俺は急いで隣の席を3つ分整えて、手にしていたオーダーをテーブルに並べた。


「お客さま、大変申し訳ございません。こちらに席を整えましたので、お移り頂けますでしょうか?」


まずは被害の無い客を座らせてからだ。
新人バイトに3番テーブルにある皿を隣に運ばせて、俺はミルクティーをかぶった客の服に手を伸ばした。


(これは拭いてどうにかなるレベルじゃないな……。)


表向き濡れた部分をタオルで拭ってはみるものの、かぶった量はハンパじゃない。
完全に中まで濡れている筈だ。
俺は内心で溜息をつかざるをえなかった。

「申し訳ございません、お客さま。当スタッフの不手際で、お客さまには多大なご迷惑をお掛けいたしました。お召しものはいかがでしょうか?」

ダメとは分かっていても、一応聞いてみる。
これは完全にクリーニングだな…と思いながら、俺は頭を下げた。


「あ、いや、まあ…ちょっと着替えないとダメかな…これは……。」


自分の服を見て苦笑する客は、それでも怒った様子は見受けられない。

「失礼致しました。クリーニング代等の費用はこちらでお支払い致します。大変申し訳ございませんでした。」

隣のテーブルを整え終わった新人バイトを呼んで頭を下げさせると、俺はもう一度深々と頭を下げた。
幸いにと言うべきか、タイミング悪くと言うべきか、今日は店長が居ない。
失態が店長にバレないというのは確かにラッキーかもしれないけれど、もし「責任者を出せ」とでも言われたら、どうにも対処のしようが無いというのが正直な所だった。
まあ、どうみても学生だから、そこまでするとは思えないけれど。


「いえ、こちらも騒いでいてご迷惑を掛けましたし……な、手塚?」

苦笑いしたまま、隣のテーブルから心配そうに見ている二人の少年を見てから、ミルクティーをかぶった客は隣に立つ手塚と呼ばれた眼鏡の人に視線を向けた。

「そうだな。店内で騒ぎを起こし申し訳ありません。」
「いえ、お客さまにご迷惑をお掛けしましたのは当スタッフの不手際です。本当に申し訳ございませんでした。」

まさか逆に謝られるとは思っていなかった俺は、少なからず動揺していたけれど、とりあえずもう一度頭を下げた。
まあ、そういう見方もあるけど、やっぱり客商売である以上、客に責任をなすりつける訳にはいかないし。
でも、被害者になったにもかかわらず、一方的にこちらを責めようとしない客のその姿は、一人の人間として凄く好感を持てた。

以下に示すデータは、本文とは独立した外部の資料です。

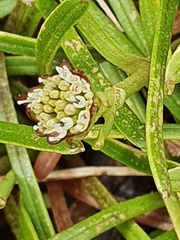 Abrotanella linearis
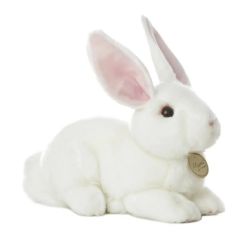 MIYONI - AMERICAN WHITE RABBIT (10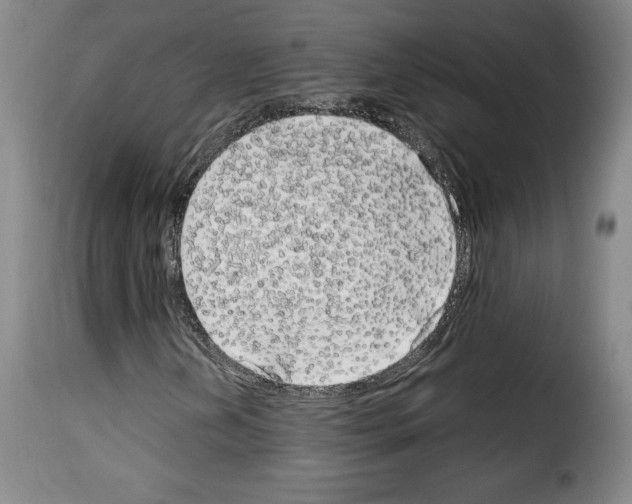 X0000114191202200911200928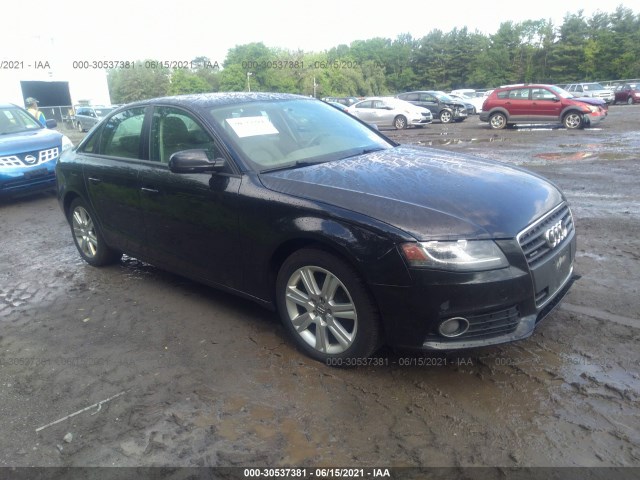 AUDI A4 2010 waubfafl8an027334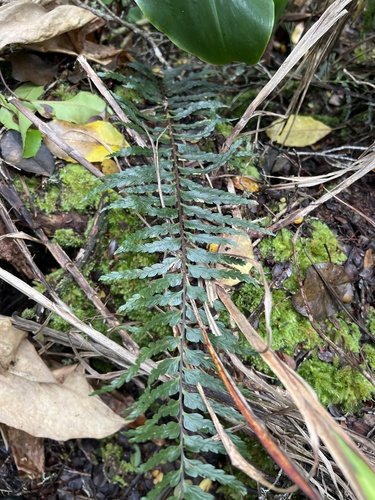 Asplenium horridum observed 2026-05-28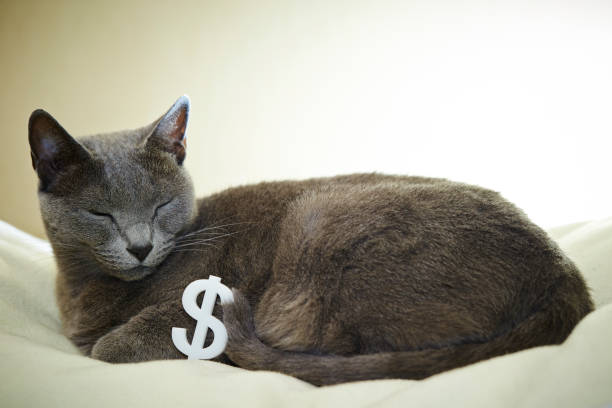 istock Cat with currency symbols 1161310819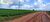 Terreno, 754 hectares - Foto 4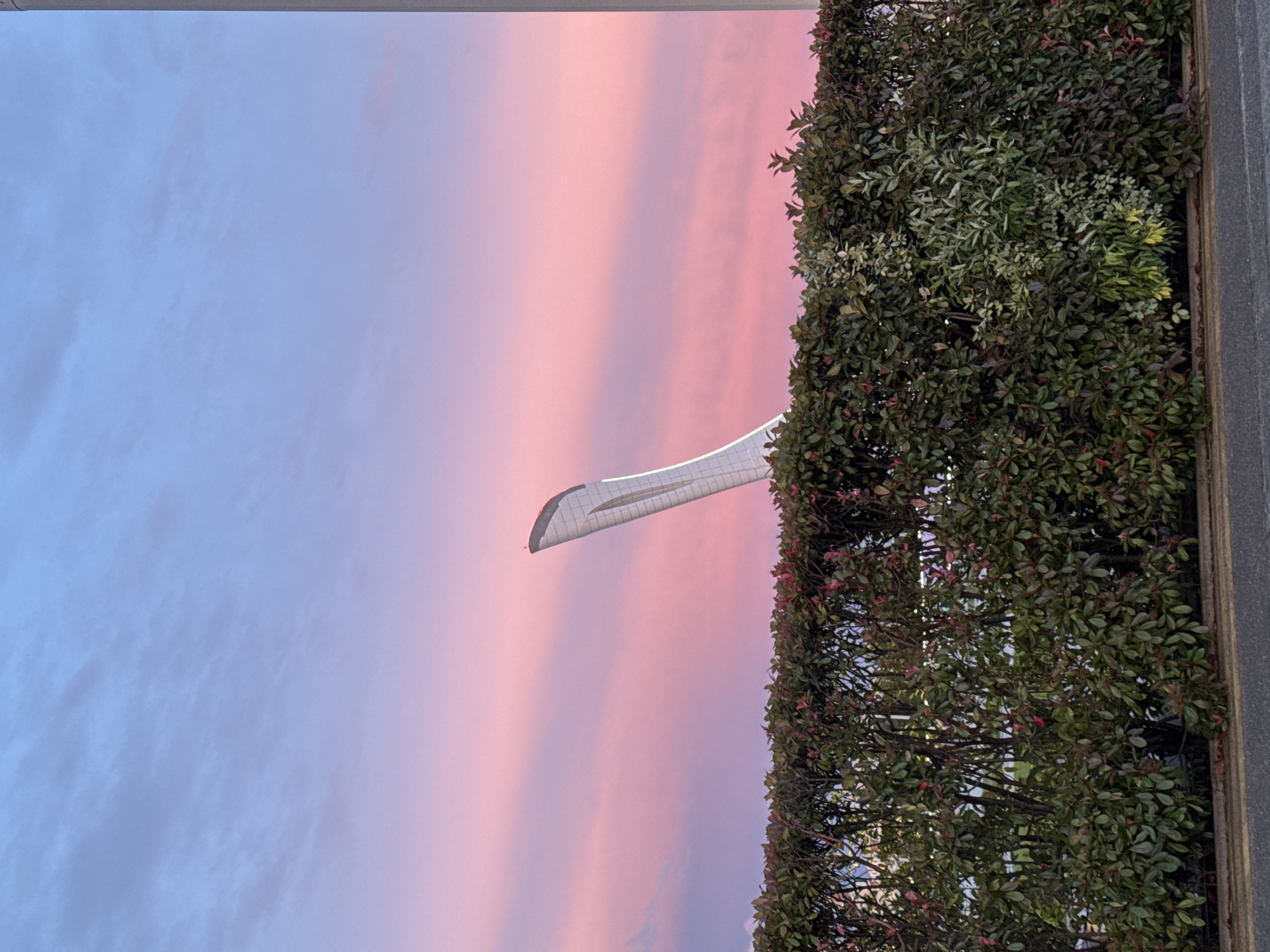 The image depicts a view of the sky in Sirius, Russia, at what appears to be either sunrise or sunset, evidenced by the pink and blue hues in the clouds. A vertical structure, possibly a monument or architectural element, is visible, its white, angled form standing out against the sky. To the right, a dense green hedge or wall of vegetation borders the scene, possibly part of a garden or landscaping feature. A grey structure on the far right edge suggests an architectural support or building fragment.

「でもさー大石、そのままって訳にはいかないんじゃん?」
「そうだね、そのままだと帰れないし、風邪ひくよ?」

隣でこちらの様子を窺っていた同じテーブルの客の内の二人が、濡れた服を指差して首をかしげる。

確かにその通りではあった。
いくら拭き取ったとはいえ、濡れた跡はシミとしてハッキリ分かるし、中まで濡れてるんなら幾ら店内が暖かいといっても、そのままだと風邪をひきかねない。
とは言うものの、普通は着替えの服なんて持ってるわけもないし。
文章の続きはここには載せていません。